As Peter alluded to, it has to do with the ever-increasing levels of debt their easy-money, low interest rate policies encourage.
Artificially depressed borrowing costs are fueling a ‘boom.’ Consumer loans are as cheap as never before, seducing people to increasingly spend beyond their means. Low interest rates push down companies’ cost of capital, encouraging additional, and in particular risky investments – they would not have entered into under ‘normal’ interest rate conditions. Financially strained borrowers – in particular states and banks – can refinance their maturing debt load at extremely low interest rates and even take on new debt easily.”
We also get a psychological effect from central bank policy. The Fed, along with the world’s other central banks, have effectively draped a safety net under the markets.
Investors feel assured that monetary authorities will, in case things turning sour, step in and fend off any crisis.
The central banks’ safety net has lowered investors’ risk concern. Investors are willing to lend even to borrowers with relatively poor financial strength.
Furthermore, it has suppressed risk premia in credit yields, having lowered firms’ cost of debt, which encourages them to run up their leverage to increase return on equity.”
Of course, as debt piles up, any increase in the interest rate will strain borrowers.
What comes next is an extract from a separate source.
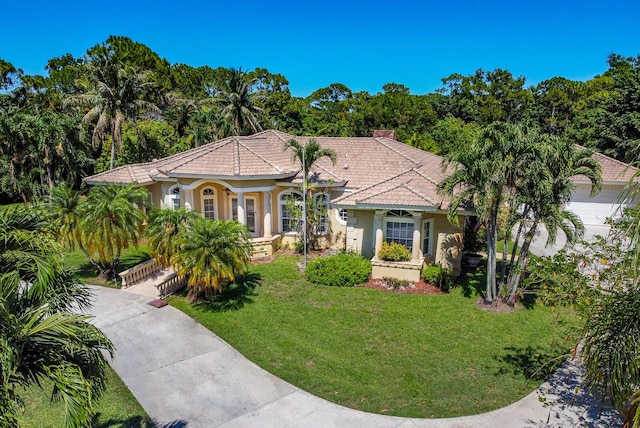 mediterranean / spanish house with a front yard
For instance, normalization of interest rates would crush the US budget under interest payments.
Analysts have calculated that if the interest rate on Treasury debt stood at 6.2% – their level in 2000 – the annual interest payment on the current debt would nearly triple to $1.3 trillion annually. And it’s not just governments that will feel the effect.
Highly leveraged corporations and individuals will also struggle in a higher interest rate environment. And they can’t print money in order to kick the can down the road.
The central banks have created a vicious cycle, as Polleit points out. Coming out of the 1990s, the Federal Reserve pushed up rates and ended the “new economy boom,” better-known as the dot-com bubble. In order to “fix” the problem, the Fed slashed rates and created another massive credit boom, primarily centered on the housing market.
That bubble burst in 2007/2008. In the years since, the Fed has repeated the process and we now have a world full of bubbles just waiting to pop.
With every cycle, the Fed has had take rates to lower levels and keep them there longer. And with each recovery, the peak interest rate that popped the bubble has been increasingly lower. Polleit explains the dynamics in easy to understand terms.
A destructive side effect of fiat money is that the economy’s level of debt keeps rising over time: The growth of credit keeps outpacing production gains. This is because in a fiat money regime, credit-financed investments fall short of their expected profitability, and credit-financed consumption is unproductive.
Quite a few investments turn out to be flops. The economy gets caught in a debt trap. Credit-financed consumption and government spending make it even worse. To be sure: it has become a problem on a global scale.”
“In an attempt to prevent the day of redemption, central banks slash interest rates to ever lower levels to keep the system going.
Once interest rates are lowered, however, they typically cannot (for political reasons, I should hasten to say) be brought back to pre-crisis levels – as this would make the debt pyramid, and with it the economy and the financial system, come crashing down. It is this economic insight that explains why interest rates show a marked trend decline over the last decades in all countries that have adopted fiat money.”
As economist Ludwig von Mises said, “There is no means of avoiding the final collapse of a boom brought about by credit expansion.” This house of cards will collapse. It’s not a question of “if,” but “when.”